Evidence - Gate-keeping (Judicial and Adjudicator). R. v. Oppong
In R. v. Oppong (Ont CA, 2021) the Court of Appeal considered the 'gate-keeping' role of judges:
 The trial judge then assessed whether the probative value of the proposed evidence outweighed its prejudicial effect. He recognized that the “gatekeeper function does not involve bright lines” and that “it requires an analysis of costs and benefits and sometimes does not yield a straightforward “yes” or “no” answer” (citing Abbey, at para. 79 and R. v. Sheriffe, 2015 ONCA 880, 333 C.C.C. (3d) 330, at paras. 101-103, 108, leave to appeal refused,  S.C.C.A. No. 299). The trial judge reviewed a number of case authorities with respect to the assessment of the costs and benefits of evidence relating to gangs: Abbey; R. v. Riley,  O.J. No. 1374 (Ont.

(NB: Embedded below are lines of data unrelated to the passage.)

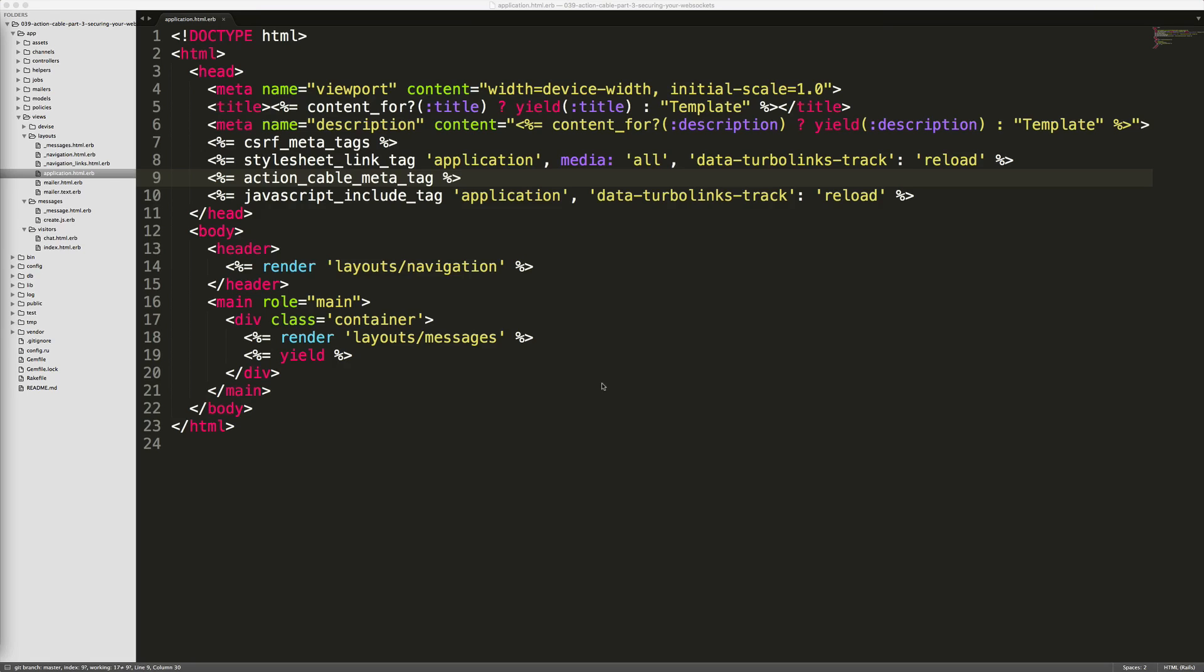We'll see in a minute where we'll put some protection around the actual connection to Action Cable. In order to do that, we need to put in some assurances that the user is not hammering our server every five seconds with a connection request to Action Cable. The first thing we can do is, if you remember from our previous episode, we added this Action Cable meta tag helper into our layouts file.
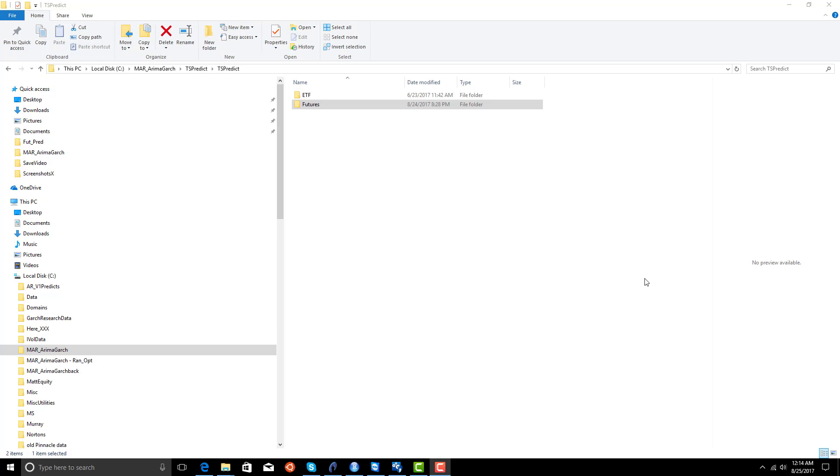In our previous video, we showed how to develop a trading system for SPY, which is the ETF that tracks the S&P 500 using Armagarch.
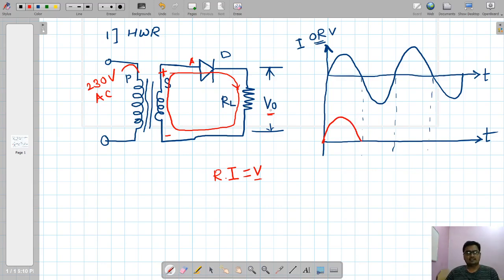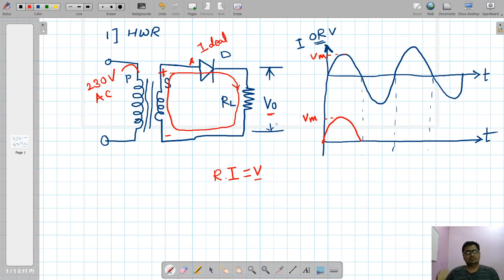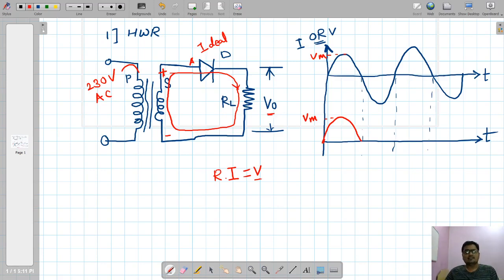For the positive half cycle, output voltage is present. Since I have considered the diode to be ideal — zero knee voltage, zero cutting voltage — as soon as the input voltage appears, the diode starts conducting immediately. The peak output voltage equals Vm, the same as the input peak. This is the output waveform for the positive half cycle.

Sup. Ct.); R. v. Williams, 2013 ONSC 1076. He noted that the assessment of the probative value of expert evidence involves consideration of the significance of the particular issue, as well as the reliability of the evidence, including the expert’s methodology, expertise and objectivity, while the cost of the evidence addresses the usual risk of prejudice in expert evidence, as well as the risk of complexity and the abdication of the jury’s function to the expert. The trial judge observed that proving criminal organization offences would inevitably involve bad character evidence. As such, steps must be taken to limit the evidence to what is relevant and necessary, and to give mid-trial and final instructions to place the evidence in context and obviate prejudice.